> [What is needed]:
The required result is an exact copy of the lines from the one containing "Infinite Discs Signature P-Blend Alpaca" to the last line of the records, both ends included, without pictures.

--- Information shown Enclosed Below ---

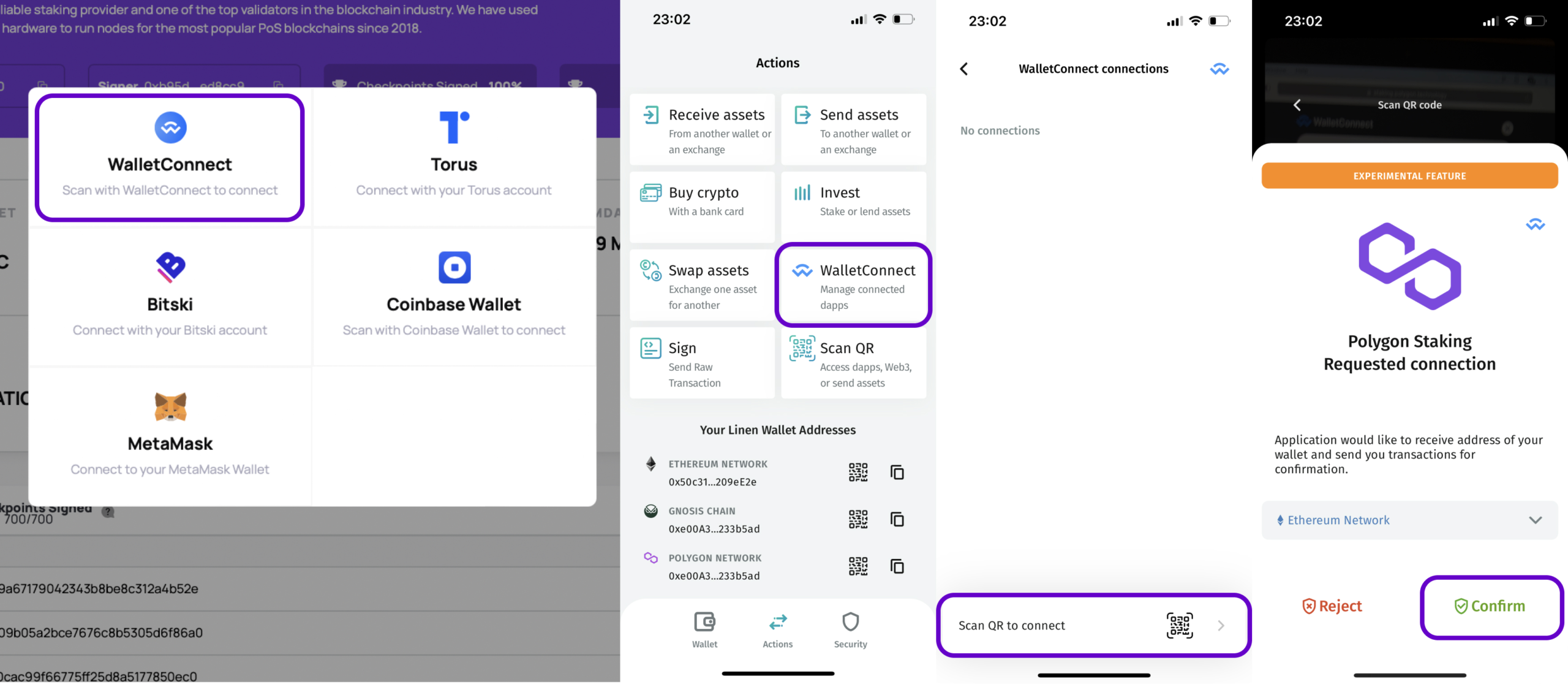 9 - WalletConnect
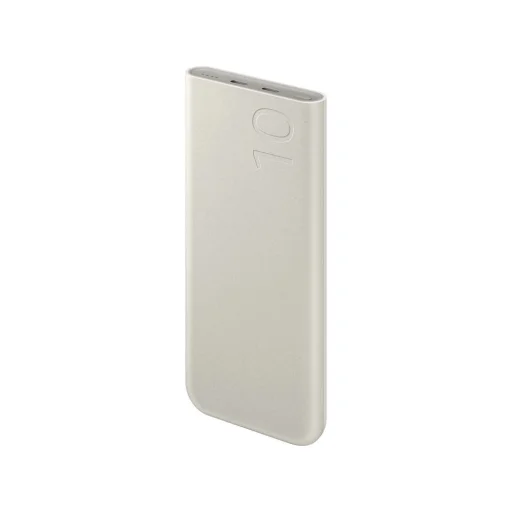 Powerbank Samsung EB-P3400XUEGWW FastCharge 2x USB-C 25W 10000mAh - bézs - 2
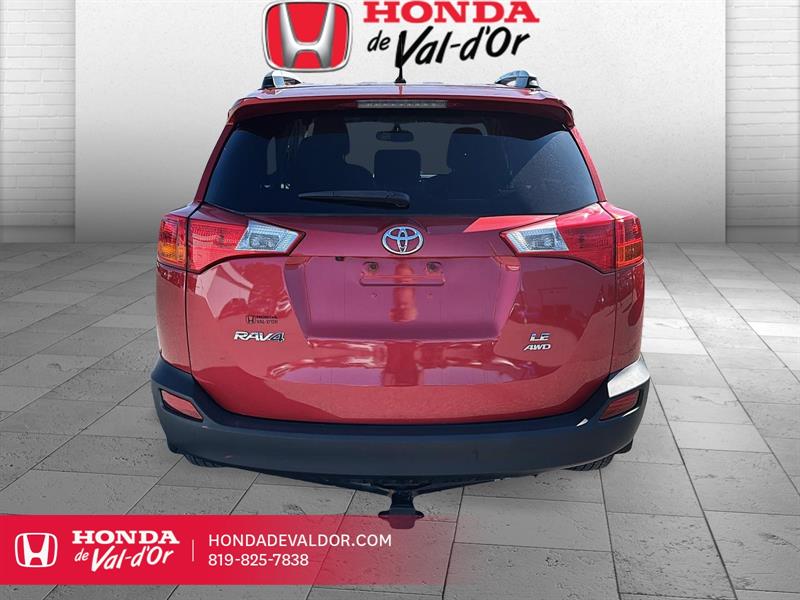 toyota RAV4 2015 - 3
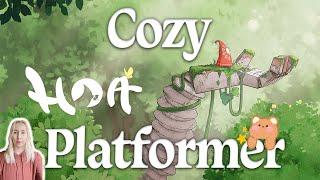 Cozy Platformer  HOA Review  Stress Free Gaming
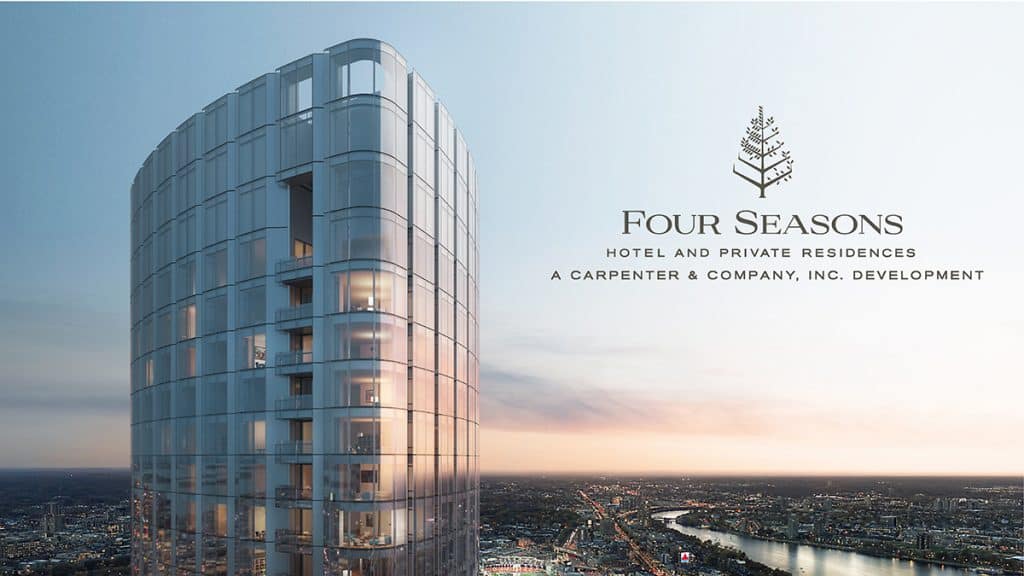 IBID cập nhật tiến độ xây dựng dự án EB5 One Dalton Four Seasons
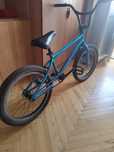 Bmx в отличном состоянии, втулка kench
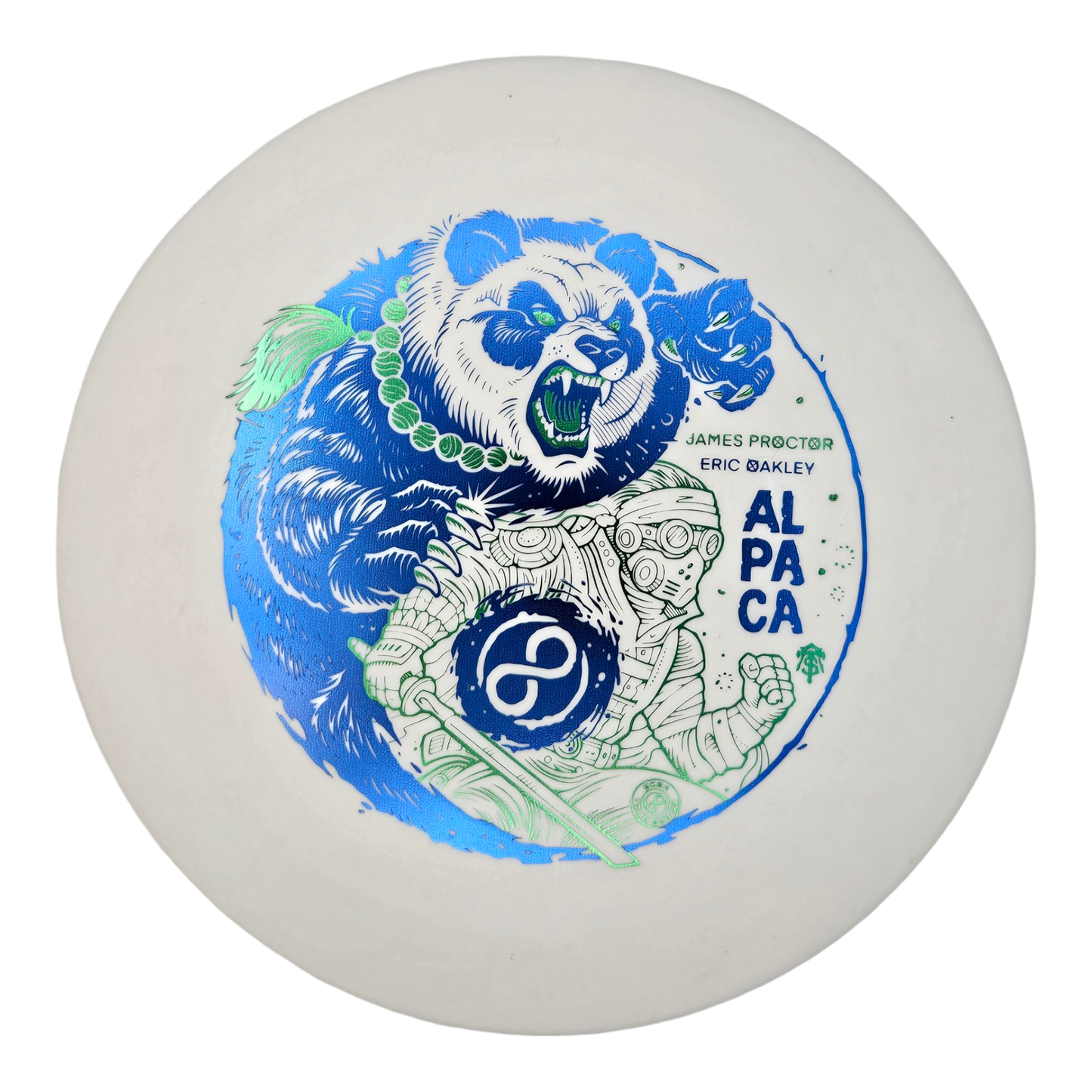 Infinite Discs Signature P-Blend Alpaca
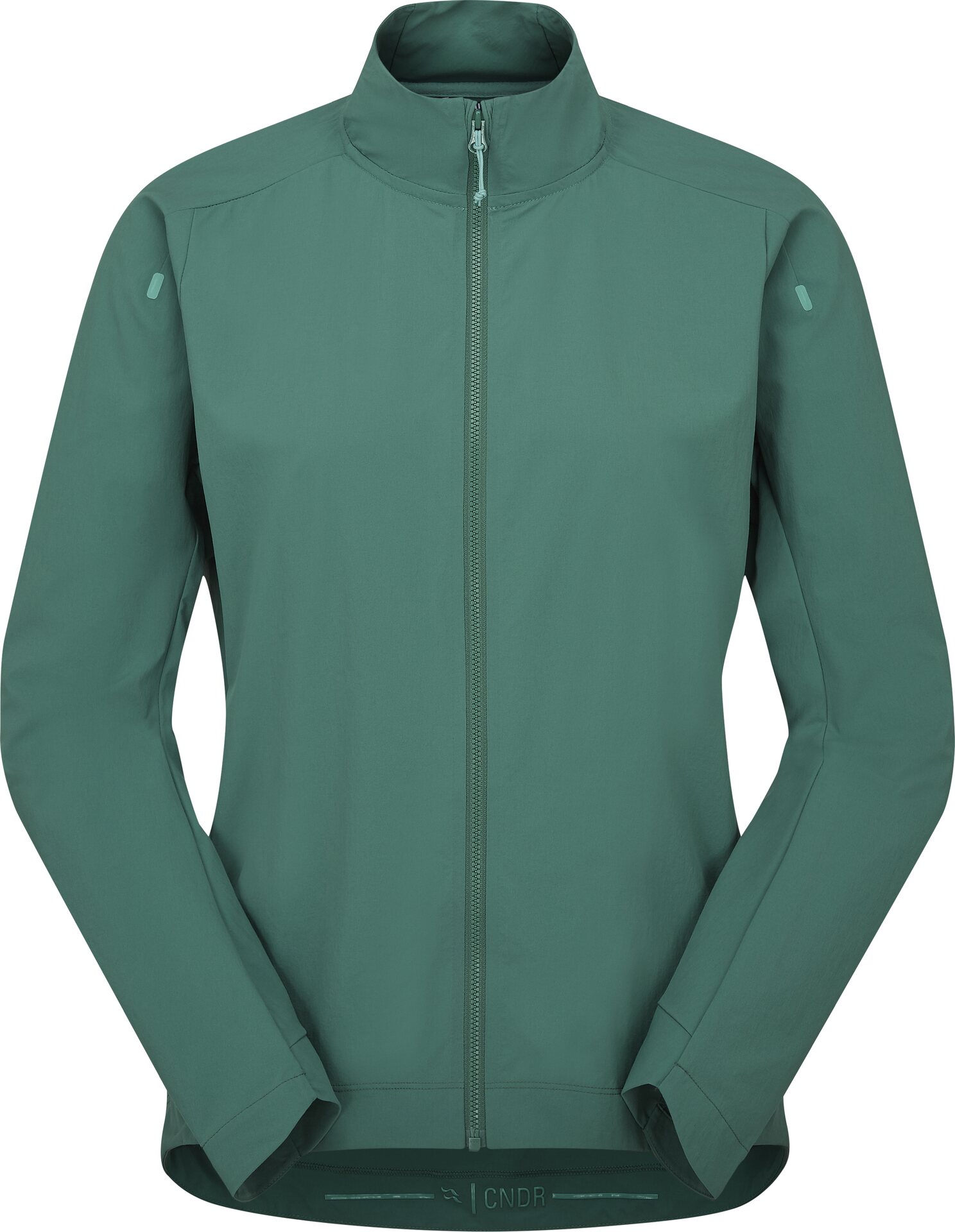 Rab Cinder Borealis Jacket Womens Eucalyptus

--- End of Enclosed Information shown ---

> [Solution for this task]:
 Infinite Discs Signature P-Blend Alpaca
 Rab Cinder Borealis Jacket Womens Eucalyptus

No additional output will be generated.